--- Task item ---
The entries below contain pictures, which are to be left out; write out exactly, and only, the lines from the line with "- Valokuva, kuva" up to and including the line with "Bride Holding Feathery & Flower Arrangement".

#### Data to process

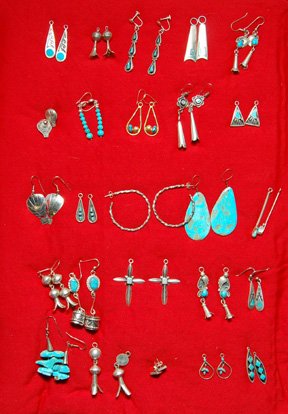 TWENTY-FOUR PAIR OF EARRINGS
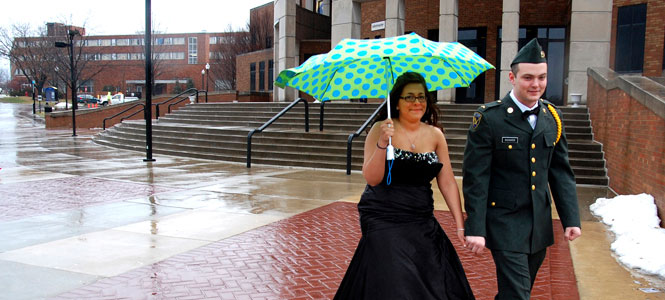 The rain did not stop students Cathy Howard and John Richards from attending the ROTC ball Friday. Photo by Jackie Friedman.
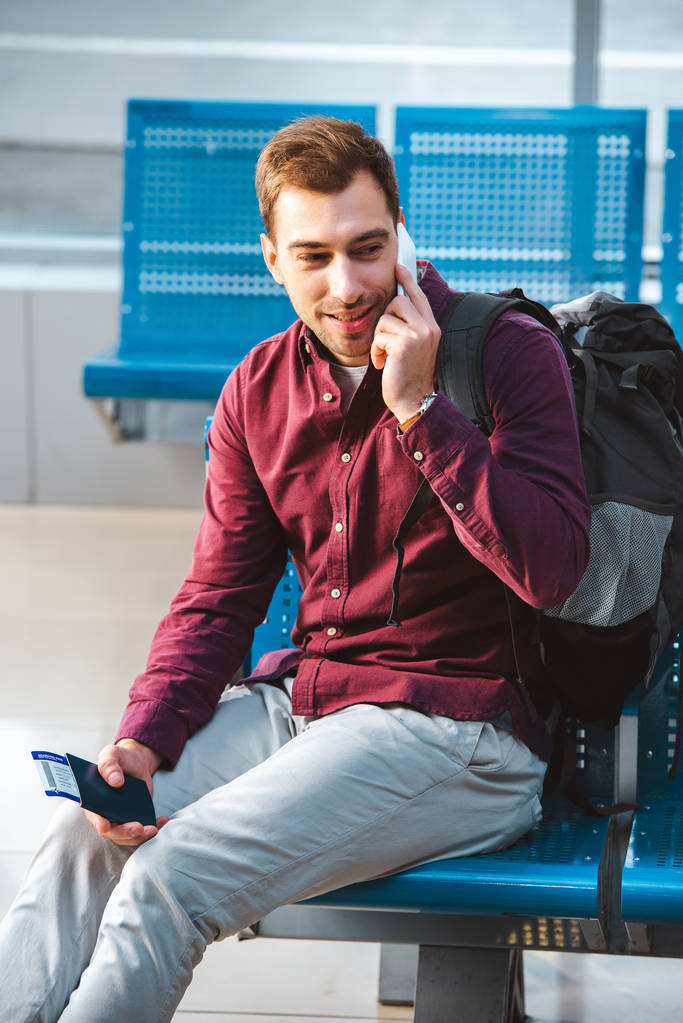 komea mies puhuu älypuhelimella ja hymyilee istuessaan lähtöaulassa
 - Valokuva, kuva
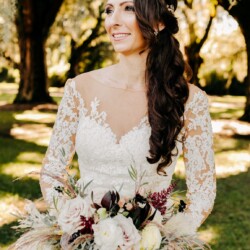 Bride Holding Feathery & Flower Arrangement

########
#### Data to process

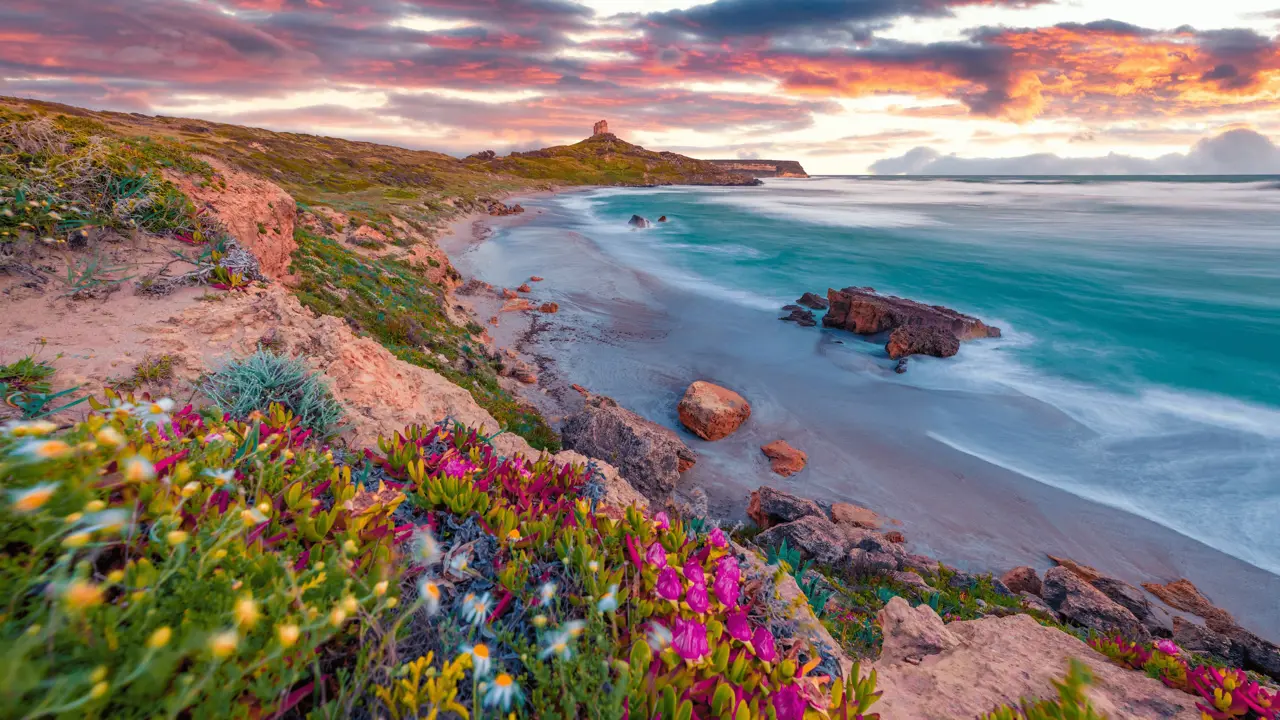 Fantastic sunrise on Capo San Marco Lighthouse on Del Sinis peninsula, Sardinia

########

--- Response to this task ---
 - Valokuva, kuva
 Bride Holding Feathery & Flower Arrangement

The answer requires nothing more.